Poll: Bombing the 'Aladdin' Fictional City of Agrabah Appeals to Americans
Public Policy Polling's question demonstrates polls are good at showing how people feel -- not what they actually know.
There’s a land — actually, it’s a faraway place — that is flat and immense. The heat, meanwhile, is also intense and it’s often considered many to be “barbaric” but also, hey, it’s home. The land in question, Agrabah, is also an imaginary place, made famous in songs and in nifty shoplifting sequences in Disney’s 1992 cartoon Aladdin. But just because Agrabah is where Aladdin lives doesn’t mean it’s also not a potential airstrike target for American voters.
A recently released poll from Public Policy Polling asked a survey of 532 Republican primary voters: Would you support or oppose the bombing of Agrabah? As the acting minority, 30 percent said they would bomb Agrabah (carpet-bomb, presumably).

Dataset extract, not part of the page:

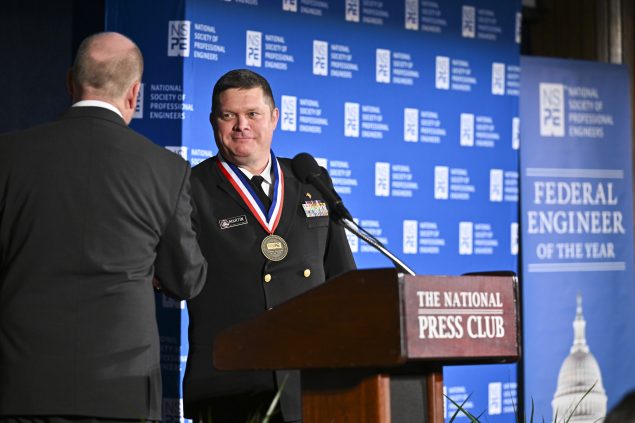 Bill Atkinson presents CAPT Martin with his award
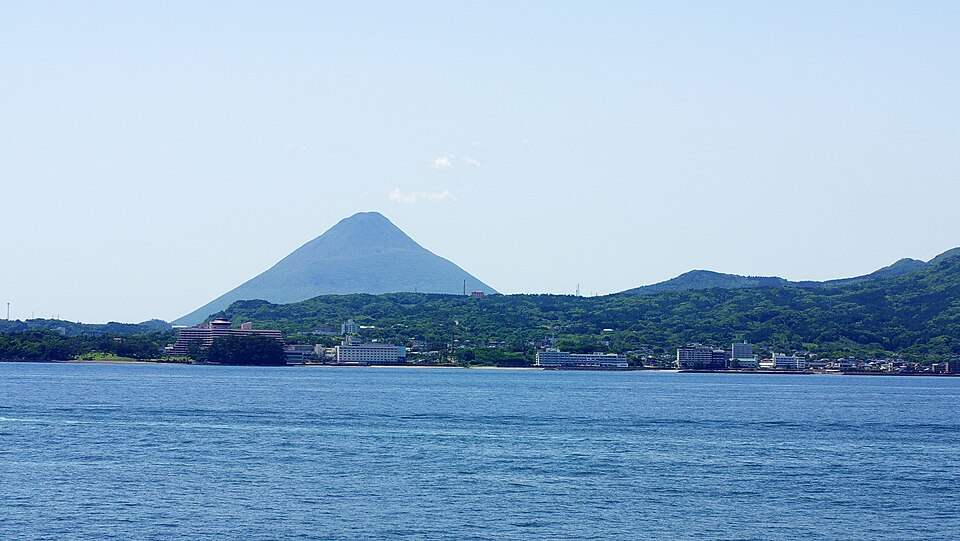 海から見た指宿温泉の街並みと開聞岳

Meanwhile, 13 percent of those polled said they would oppose such a bombing. The rest, perhaps sensing something was up, replied they weren’t sure.
Not keen on just trolling the Republican party, PPP also revealed that they asked Democrats the same question. Again, the ability to tell fact from fiction was still narrow, though less bomb-friendly.
PPP is known for posing joke questions. In 2013 they found that Americans hated Congress more than Nickelback and Genghis Khan. A 2011 poll revealed that only 19 percent of Republicans thought President Obama would ascend to Heaven during the Rapture; meanwhile PPP also found God was chilling at a mere 52 percent public approval.
However, this new poll is subtly sneaky with the jokes, embedding the question amongst some IRL concerns. The Agrabah question was nestled between a time-machine game of whether, looking back, would one support or oppose Japanese internment camps (only 49 percent opposed them) and a question asking whether how conservative the survey respondents were (hint: pretty conservative).
But what is the real purpose of asking the Agrabah question? Headlines, maybe. Does it actually say anything about the Republican Party? Debatable. The PPP is a automated robocall pollster with no moderator — people are answering pre-recorded questions and can’t ask for context. Accurate polling is hard enough to achieve with the increase of cellphone only homes and the decline of people who will actually answer a robot’s survey, without the added confusion of a fake question.
But at the same time, once everyone is done pointing fingers at the absurdity of the question, it’s necessary to compare this poll question to a more legitimate one. In 2013, 40 percent of Republicans opposed a U.S. airstrike in Syria. By November of 2015, 56 percent of Republicans supported the idea of sending U.S. ground troops to fight ISIS. Conservative American perceptions of how to handle the threat of terrorism are getting more conservative.
A real takeaway from the PPP poll: 54 percent of the 537 Republicans surveyed supported a ban on Muslims entering the United States. While polling is a flawed game, any number of people supporting a ban based on religious reasons is a problem in and of itself. Sorta like a land where they cut off your nose if they don’t like your face.